**Task requirements**
Count every line below that holds "Black". The answer is the number alone.

(Dataset items)
· · · ·

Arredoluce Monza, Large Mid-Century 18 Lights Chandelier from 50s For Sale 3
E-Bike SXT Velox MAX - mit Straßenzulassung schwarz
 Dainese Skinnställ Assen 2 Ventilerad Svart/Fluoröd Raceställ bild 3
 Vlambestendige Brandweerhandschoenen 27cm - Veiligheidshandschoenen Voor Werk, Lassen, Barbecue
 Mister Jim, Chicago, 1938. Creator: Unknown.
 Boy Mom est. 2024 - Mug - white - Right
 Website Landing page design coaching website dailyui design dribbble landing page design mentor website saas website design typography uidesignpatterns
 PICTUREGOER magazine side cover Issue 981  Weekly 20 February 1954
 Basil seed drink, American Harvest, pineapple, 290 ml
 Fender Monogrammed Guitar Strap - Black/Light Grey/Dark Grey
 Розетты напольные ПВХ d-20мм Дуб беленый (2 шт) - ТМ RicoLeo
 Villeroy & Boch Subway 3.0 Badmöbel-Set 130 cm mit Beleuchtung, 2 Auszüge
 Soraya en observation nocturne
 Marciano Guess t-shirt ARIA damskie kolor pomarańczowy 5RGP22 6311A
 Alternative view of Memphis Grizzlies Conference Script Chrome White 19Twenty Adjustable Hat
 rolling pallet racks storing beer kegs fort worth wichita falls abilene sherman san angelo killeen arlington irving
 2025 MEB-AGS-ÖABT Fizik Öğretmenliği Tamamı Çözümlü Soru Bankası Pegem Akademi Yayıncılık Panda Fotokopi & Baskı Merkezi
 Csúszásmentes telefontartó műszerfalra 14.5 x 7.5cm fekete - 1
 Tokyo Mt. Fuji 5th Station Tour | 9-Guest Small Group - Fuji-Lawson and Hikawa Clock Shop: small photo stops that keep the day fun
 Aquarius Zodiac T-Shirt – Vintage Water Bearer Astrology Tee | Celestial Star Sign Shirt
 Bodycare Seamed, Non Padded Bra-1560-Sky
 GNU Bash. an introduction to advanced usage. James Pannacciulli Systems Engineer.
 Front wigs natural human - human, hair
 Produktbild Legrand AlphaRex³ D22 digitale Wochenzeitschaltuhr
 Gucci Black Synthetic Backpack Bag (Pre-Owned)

· · · ·

**Solution for this exercise**
2